> ACTIVITY
All the data that follows should be repeated exactly, without a single picture.

> DATA BLOCK
[Start of section]

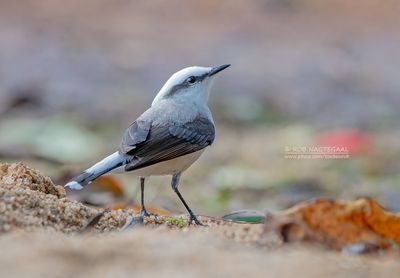 Maskerwatertiran - Masked Water-tyrant - Fluvicola nengeta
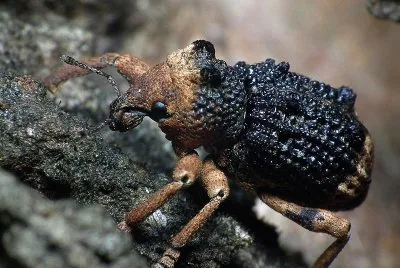 Polydrusus mollis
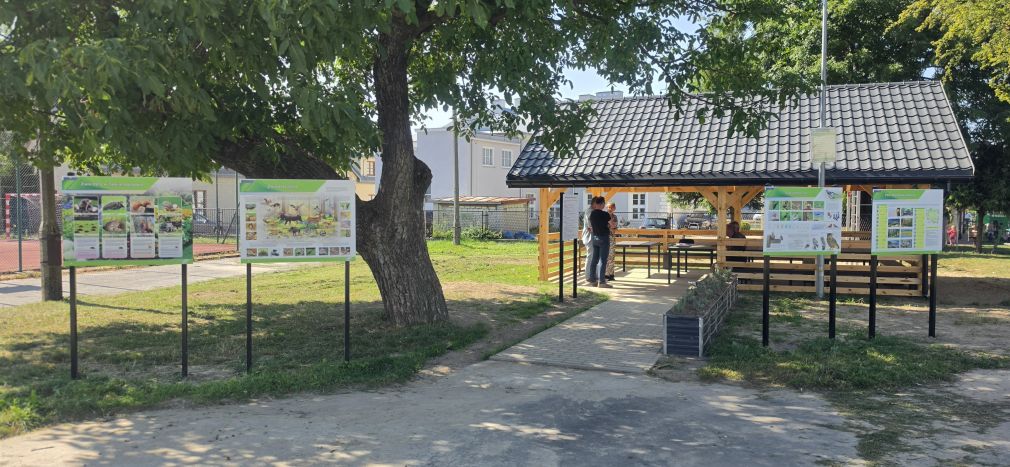 foto: UM Zamość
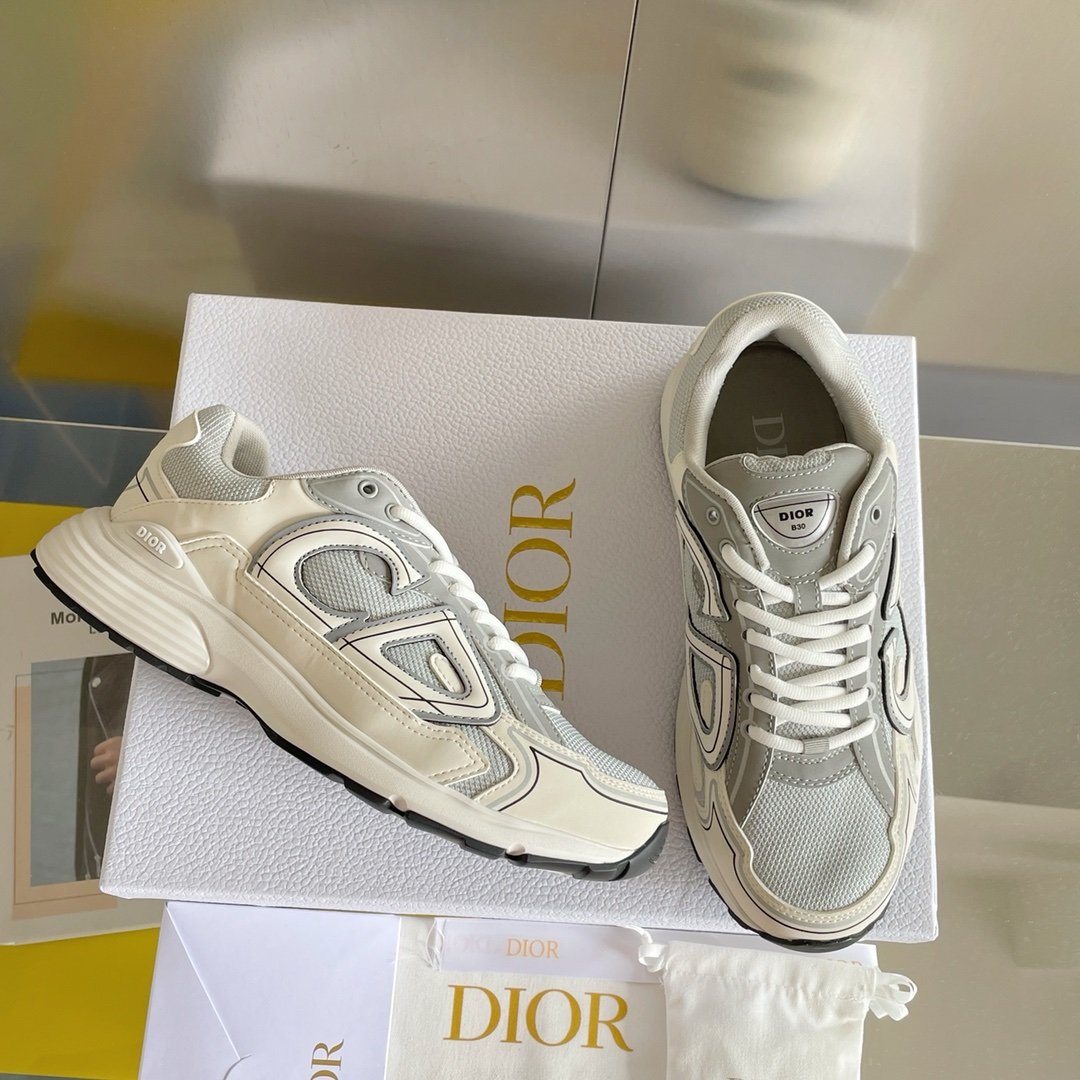 Dior B30 Reflective Grey/White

[End of section]

> TASK RESPONSE
 Maskerwatertiran - Masked Water-tyrant - Fluvicola nengeta
 Polydrusus mollis
 foto: UM Zamość
 Dior B30 Reflective Grey/White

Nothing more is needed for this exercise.